-- Information supplied follows --

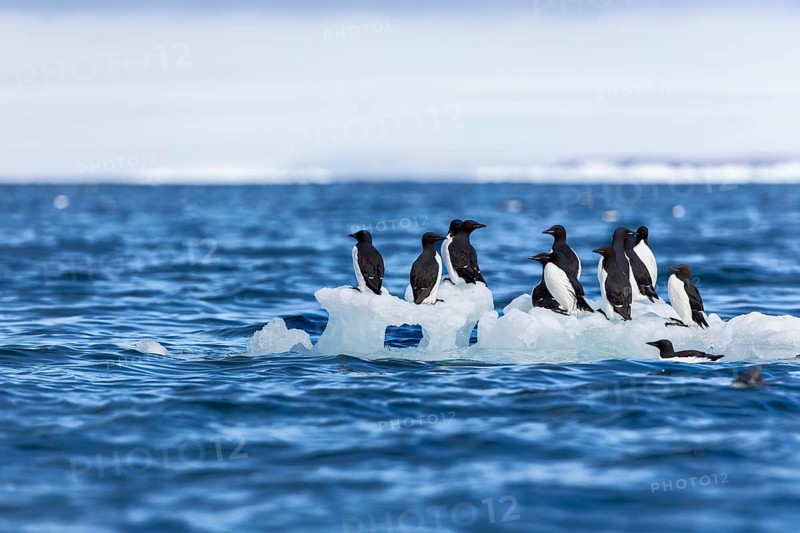 Thick-billed guillemot (Uria lomvia) on an ice floe, sea, water, alcids (Alcidae), Alkefjellet, Spitsbergen, Svalbard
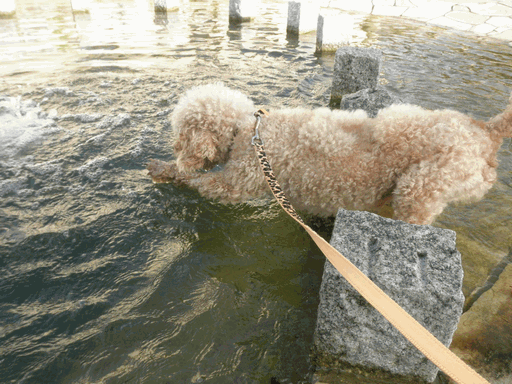 c0136736_13251188.gif
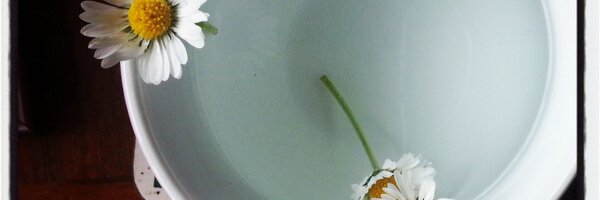 HanKay_ Profile Banner
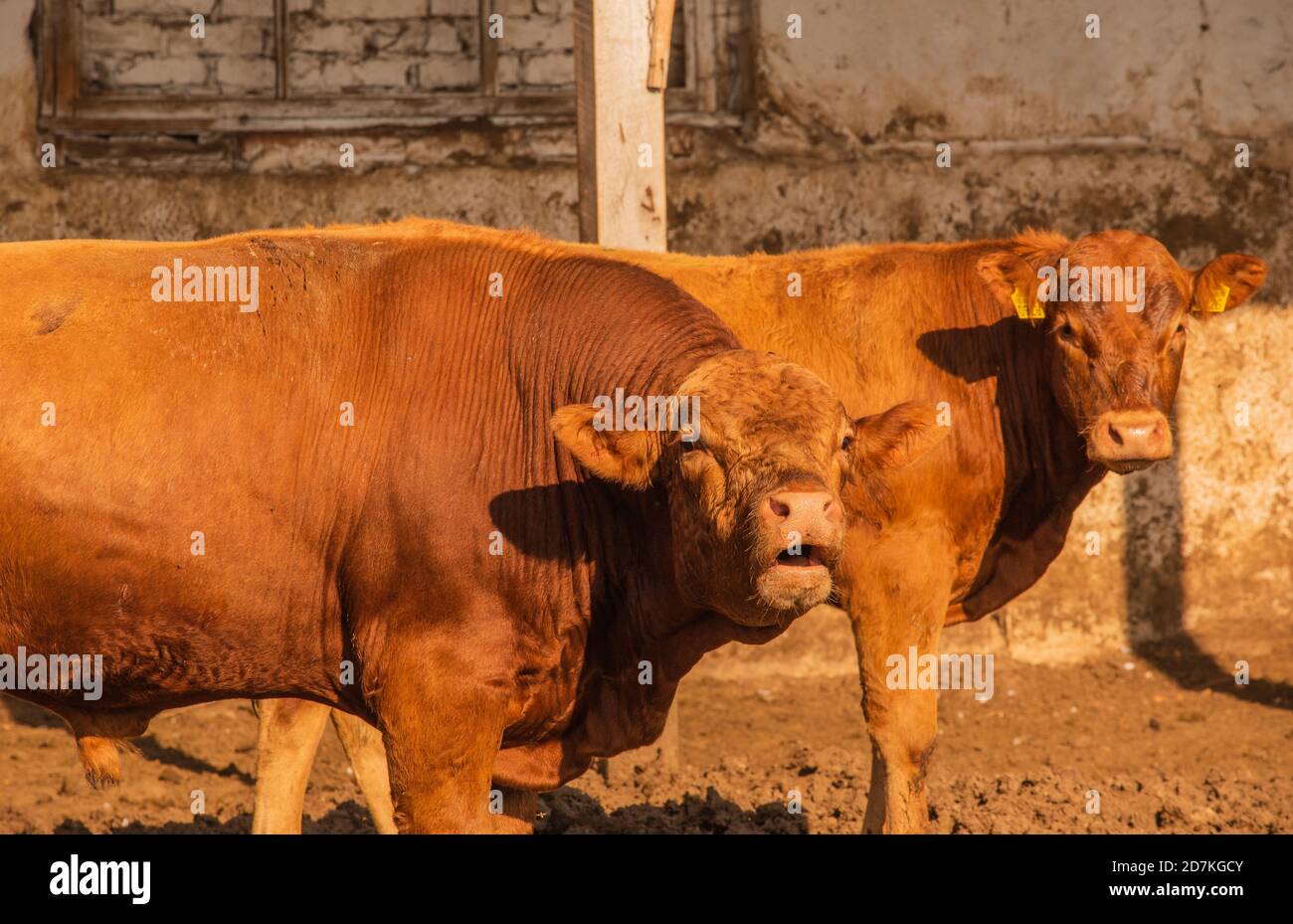 Limousin bulls -Fotos und -Bildmaterial in hoher Auflösung – Alamy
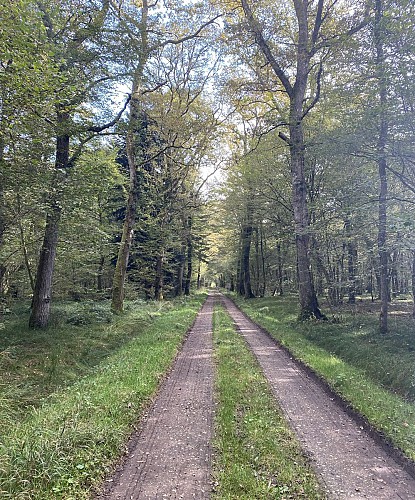 Le bois des Fouchères
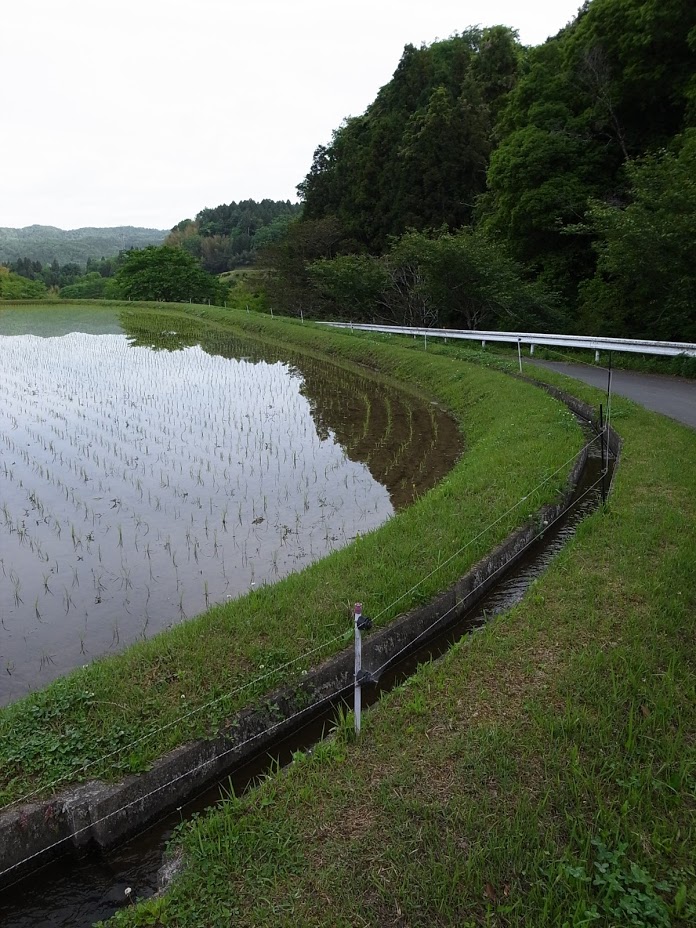 f:id:kosanikki:20170517205200j:plain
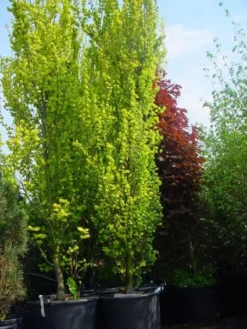 Goudiep (Ulmus Hollandica 'Wredei') -Tuinplantenwinkel 20101231140718 9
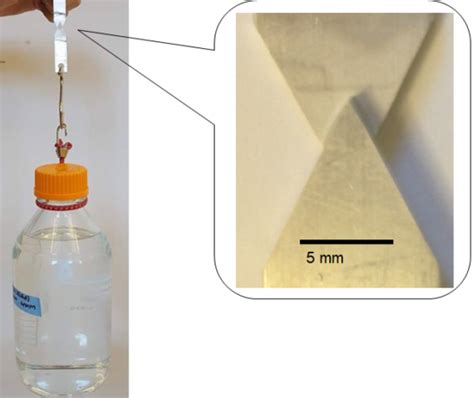 The Sticky Science Of Underwater Adhesives Washu Mckelvey School Of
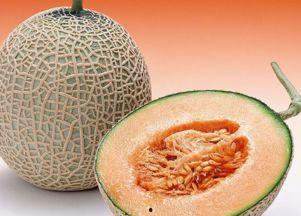 警察吃哈密瓜视频大全,温馨画面引网友热议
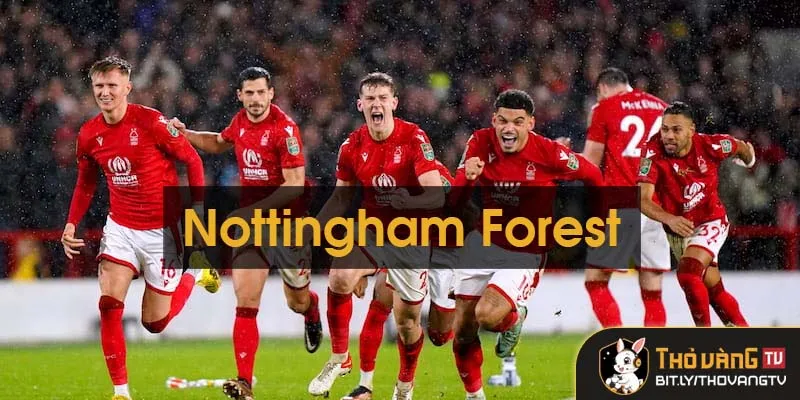 Nottingham Forest: Chặng Đường Trở Lại Ngoại Hạng Anh Nottingham Forest: Chặng Đường Trở Lại Ngoại Hạng Anh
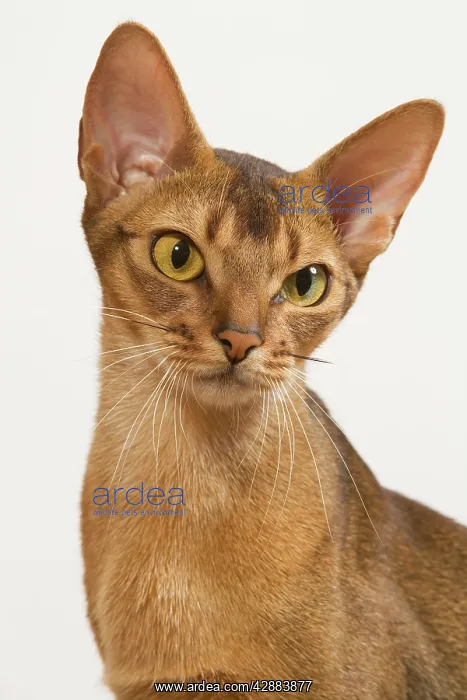  : Cat - Ruddy Abyssinian in studio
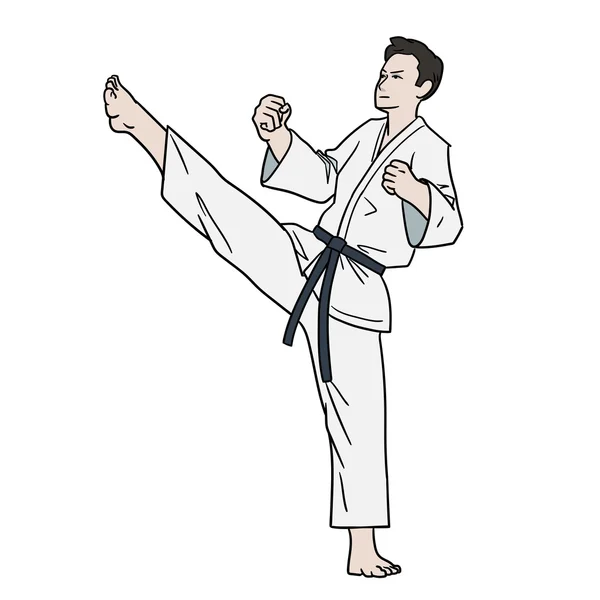 Combate de karate aislado — Vector de stock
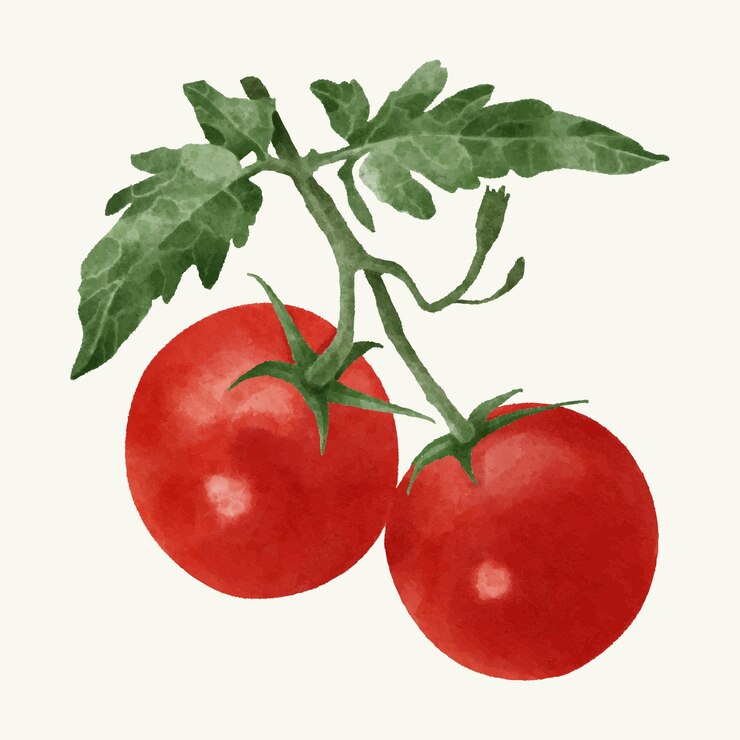 Handgezeichnete Aquarell-Tomatenkollektion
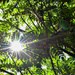 Sunburst through the trees by tiaj1402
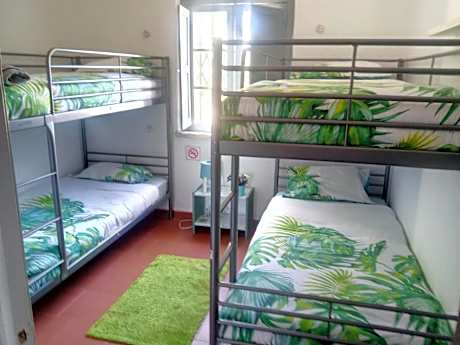 Bed in 4-Bed Mixed Dormitory Room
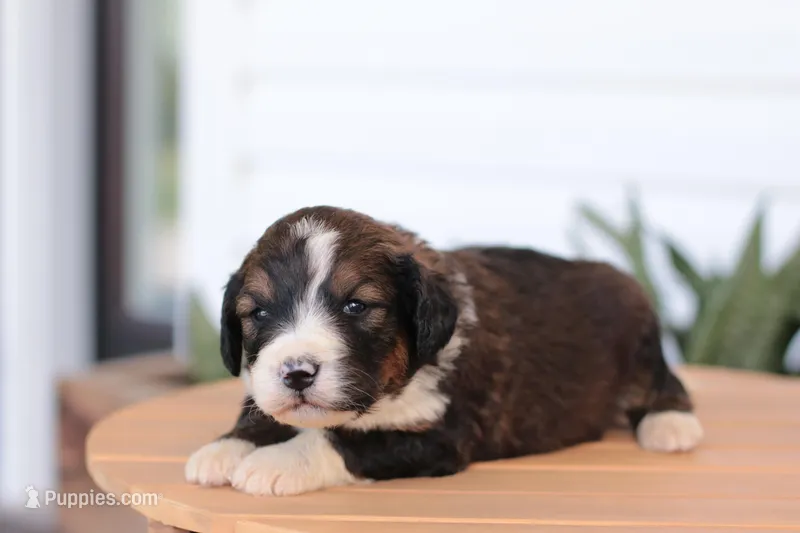 Jean – Bernedoodle puppy for sale in Knob Noster, MO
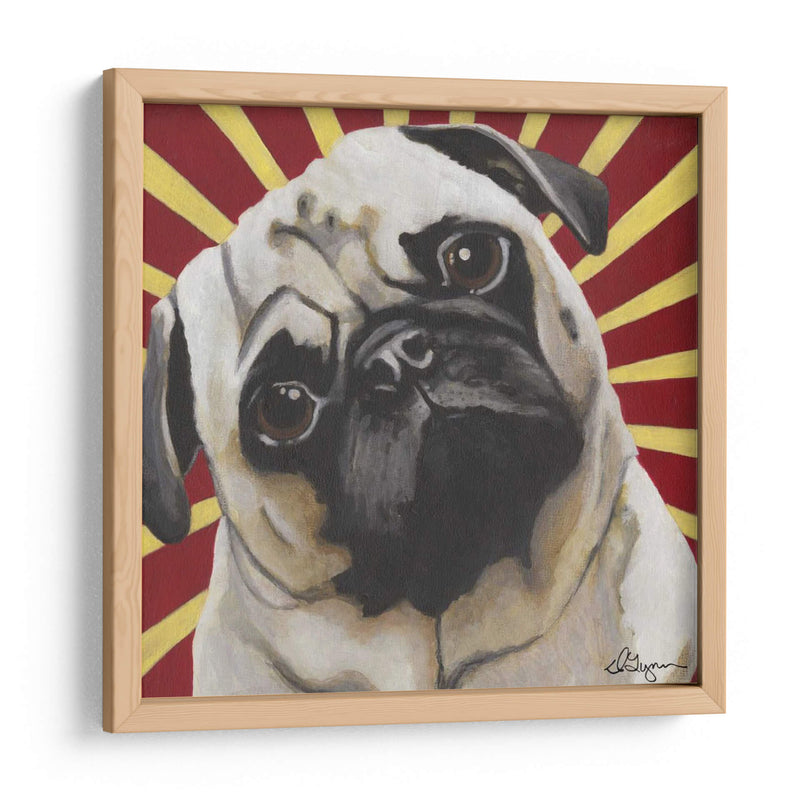 Dogs Drynns - Puggins - Dlynn Roll | Cuadro decorativo de Canvas Lab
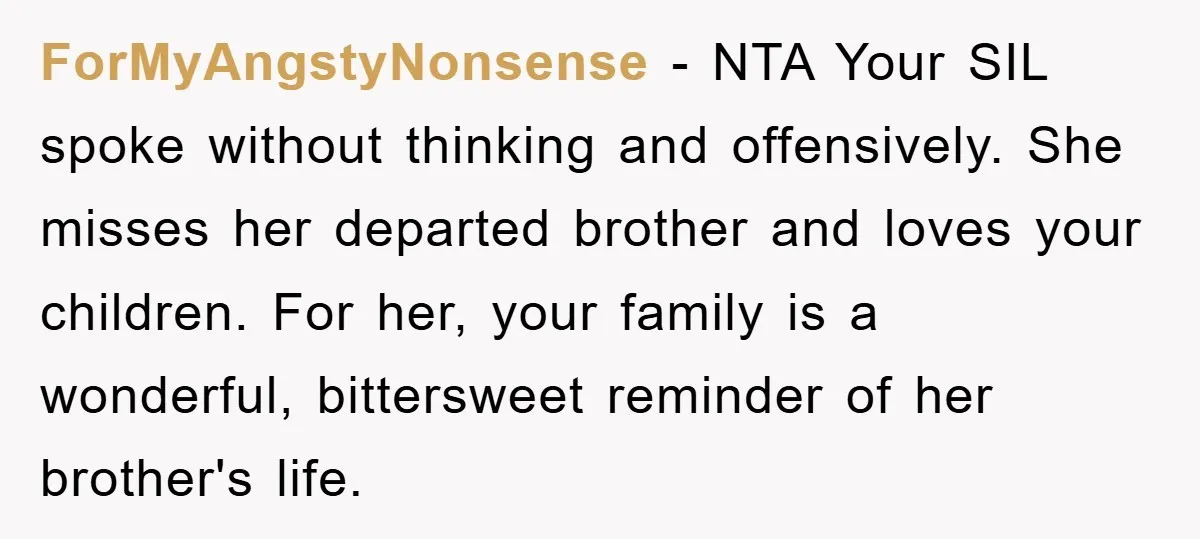 ForMyAngstyNonsense − NTA Your SIL spoke without thinking and offensively. She misses her departed brother and loves your children. For her, your family is a wonderful, bittersweet reminder of her...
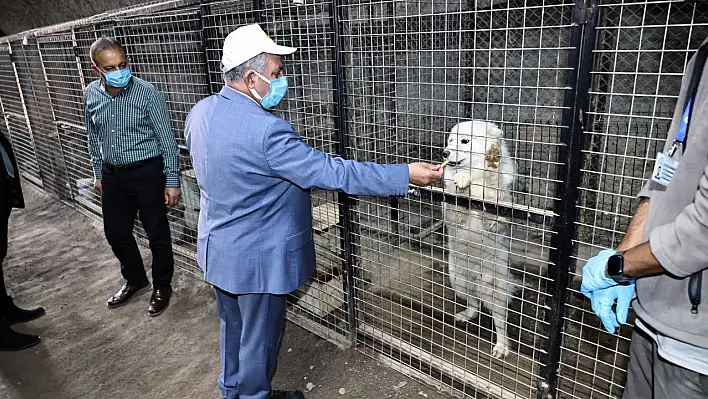 Patilere daha iyi bir yaşam için işbirliği!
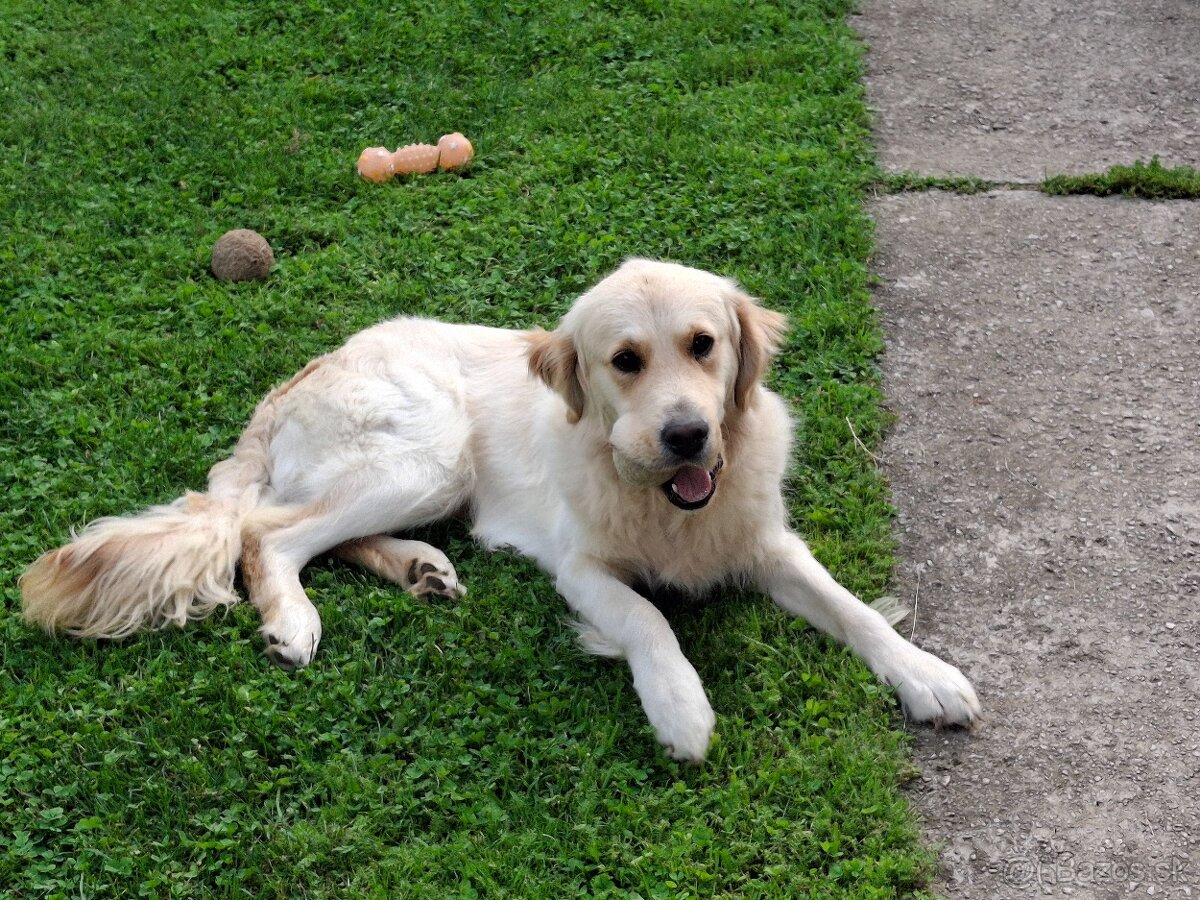 Zlaty retriver - 2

-- Information supplied concluded --

## Task details
Return the records above exactly as written. Do not include their images.

## Solution for this problem
 Thick-billed guillemot (Uria lomvia) on an ice floe, sea, water, alcids (Alcidae), Alkefjellet, Spitsbergen, Svalbard
 c0136736_13251188.gif
 HanKay_ Profile Banner
 Limousin bulls -Fotos und -Bildmaterial in hoher Auflösung – Alamy
 Le bois des Fouchères
 f:id:kosanikki:20170517205200j:plain
 Goudiep (Ulmus Hollandica 'Wredei') -Tuinplantenwinkel 20101231140718 9
 The Sticky Science Of Underwater Adhesives Washu Mckelvey School Of
 警察吃哈密瓜视频大全,温馨画面引网友热议
 Nottingham Forest: Chặng Đường Trở Lại Ngoại Hạng Anh Nottingham Forest: Chặng Đường Trở Lại Ngoại Hạng Anh
  : Cat - Ruddy Abyssinian in studio
 Combate de karate aislado — Vector de stock
 Handgezeichnete Aquarell-Tomatenkollektion
 Sunburst through the trees by tiaj1402
 Bed in 4-Bed Mixed Dormitory Room
 Jean – Bernedoodle puppy for sale in Knob Noster, MO
 Dogs Drynns - Puggins - Dlynn Roll | Cuadro decorativo de Canvas Lab
 ForMyAngstyNonsense − NTA Your SIL spoke without thinking and offensively. She misses her departed brother and loves your children. For her, your family is a wonderful, bittersweet reminder of her...
 Patilere daha iyi bir yaşam için işbirliği!
 Zlaty retriver - 2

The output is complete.